Melompatnya salah seorang massa ke deksel mobil tepat dihadapan hidung Bupati lalu berjingkrak-jingkrak sambil meneriakan bara kesumat dengan nada lantang membakar seolah dia adalah satu diantara prajurit pemberontak yang menghadang rombongan  Moamar Khadafi, tentu bukan tontonan kacang-kacang. Ini sungguh serius Eyang? Lebih serius dari rencana pembentukan Propinsi Totabuan. Rakyat sedang marah. Bahkan rela tak puasa (atau sengaja batal puasa) demi menghadang rombongan Eyang.

Ada gosip yang sempat beredar yang konon sudah menjadi rahasia umum. Gosip itu mengatakan, warga Tutuyan nekat berbuat demikian karena sudah muak dengan Eyang. Pelemparan batu itu cuma wujud akumulasi kekecewaan yang sudah tak tertahankan. Pengalihan lokasi upacara peringatan HUT Kemerdekaan tinggal jadi pemicu yang hampir bisa dikata sudah di tunggu-tunggu.

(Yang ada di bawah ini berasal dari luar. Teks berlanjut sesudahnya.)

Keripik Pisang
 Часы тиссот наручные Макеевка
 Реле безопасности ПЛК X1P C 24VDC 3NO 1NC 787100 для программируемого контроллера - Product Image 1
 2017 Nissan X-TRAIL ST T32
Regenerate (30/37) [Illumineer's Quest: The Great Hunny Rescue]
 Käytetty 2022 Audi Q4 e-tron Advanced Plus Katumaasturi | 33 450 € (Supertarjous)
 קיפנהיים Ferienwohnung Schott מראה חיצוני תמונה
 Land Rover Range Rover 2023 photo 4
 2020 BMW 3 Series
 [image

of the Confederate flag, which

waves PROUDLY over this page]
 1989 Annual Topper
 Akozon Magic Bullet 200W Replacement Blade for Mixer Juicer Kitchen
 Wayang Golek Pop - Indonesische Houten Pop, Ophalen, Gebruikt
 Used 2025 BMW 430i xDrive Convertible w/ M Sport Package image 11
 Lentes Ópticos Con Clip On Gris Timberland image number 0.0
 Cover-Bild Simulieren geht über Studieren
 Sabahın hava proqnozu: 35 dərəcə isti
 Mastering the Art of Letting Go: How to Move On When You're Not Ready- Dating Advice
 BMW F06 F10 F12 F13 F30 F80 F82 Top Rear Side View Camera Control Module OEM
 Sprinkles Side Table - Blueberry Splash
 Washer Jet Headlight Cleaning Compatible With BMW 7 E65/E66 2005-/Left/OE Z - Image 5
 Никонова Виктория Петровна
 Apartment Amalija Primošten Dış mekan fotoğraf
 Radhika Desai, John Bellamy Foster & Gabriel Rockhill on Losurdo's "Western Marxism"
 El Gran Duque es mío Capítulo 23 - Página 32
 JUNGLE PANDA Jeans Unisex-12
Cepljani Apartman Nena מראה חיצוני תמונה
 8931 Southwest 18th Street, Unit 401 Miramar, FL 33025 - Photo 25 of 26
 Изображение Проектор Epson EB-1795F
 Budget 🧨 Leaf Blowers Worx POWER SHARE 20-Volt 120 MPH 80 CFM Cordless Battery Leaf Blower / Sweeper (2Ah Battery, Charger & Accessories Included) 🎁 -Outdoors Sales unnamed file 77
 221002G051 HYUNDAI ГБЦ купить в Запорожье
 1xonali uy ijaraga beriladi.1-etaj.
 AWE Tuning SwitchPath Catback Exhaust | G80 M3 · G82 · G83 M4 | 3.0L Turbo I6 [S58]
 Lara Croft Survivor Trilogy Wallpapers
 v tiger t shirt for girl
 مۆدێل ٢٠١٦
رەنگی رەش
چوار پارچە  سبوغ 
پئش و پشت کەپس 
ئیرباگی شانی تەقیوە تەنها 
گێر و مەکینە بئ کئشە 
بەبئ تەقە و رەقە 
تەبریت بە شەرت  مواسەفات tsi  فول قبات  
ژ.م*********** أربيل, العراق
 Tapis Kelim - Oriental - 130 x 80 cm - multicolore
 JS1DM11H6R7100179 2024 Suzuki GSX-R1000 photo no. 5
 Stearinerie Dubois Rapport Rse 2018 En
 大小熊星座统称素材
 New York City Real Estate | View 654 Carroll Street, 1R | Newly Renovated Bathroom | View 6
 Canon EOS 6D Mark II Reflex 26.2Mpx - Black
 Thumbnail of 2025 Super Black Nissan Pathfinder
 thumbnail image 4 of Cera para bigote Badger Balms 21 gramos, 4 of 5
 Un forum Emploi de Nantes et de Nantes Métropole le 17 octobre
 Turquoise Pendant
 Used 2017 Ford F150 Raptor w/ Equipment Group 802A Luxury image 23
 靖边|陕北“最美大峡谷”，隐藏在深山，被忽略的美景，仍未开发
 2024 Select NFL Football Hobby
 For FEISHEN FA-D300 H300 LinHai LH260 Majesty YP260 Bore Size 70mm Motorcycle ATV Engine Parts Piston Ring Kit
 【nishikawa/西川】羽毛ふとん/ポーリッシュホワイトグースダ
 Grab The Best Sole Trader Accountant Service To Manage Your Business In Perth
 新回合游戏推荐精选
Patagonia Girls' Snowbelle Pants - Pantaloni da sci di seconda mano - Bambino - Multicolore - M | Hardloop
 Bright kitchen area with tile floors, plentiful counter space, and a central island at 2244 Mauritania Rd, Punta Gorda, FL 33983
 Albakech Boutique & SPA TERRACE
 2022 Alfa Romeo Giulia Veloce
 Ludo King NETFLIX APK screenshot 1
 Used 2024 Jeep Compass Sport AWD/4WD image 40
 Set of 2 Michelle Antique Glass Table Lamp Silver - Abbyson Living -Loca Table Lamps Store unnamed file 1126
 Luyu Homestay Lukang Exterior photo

Saat rekruitmen CPNS Pemkab Boltim silam, banyak warga Tutuyan mengaku tersinggung dengan statement  Bupati yang ikut menyalahkan warga Tutuyan karena tidak mampu menjaga keamanan sehingga terjadi pembobolan Kantor BKKD Boltim, padahal warga Tutuyan sudah merasa dirugikan dengan banyaknya honorer dan CPNS asal tutuyan yang gugur. Begitupun soal aliran dana proyek yang lebih banyak bermuara ke kerabat-kerabat dekat Eyang.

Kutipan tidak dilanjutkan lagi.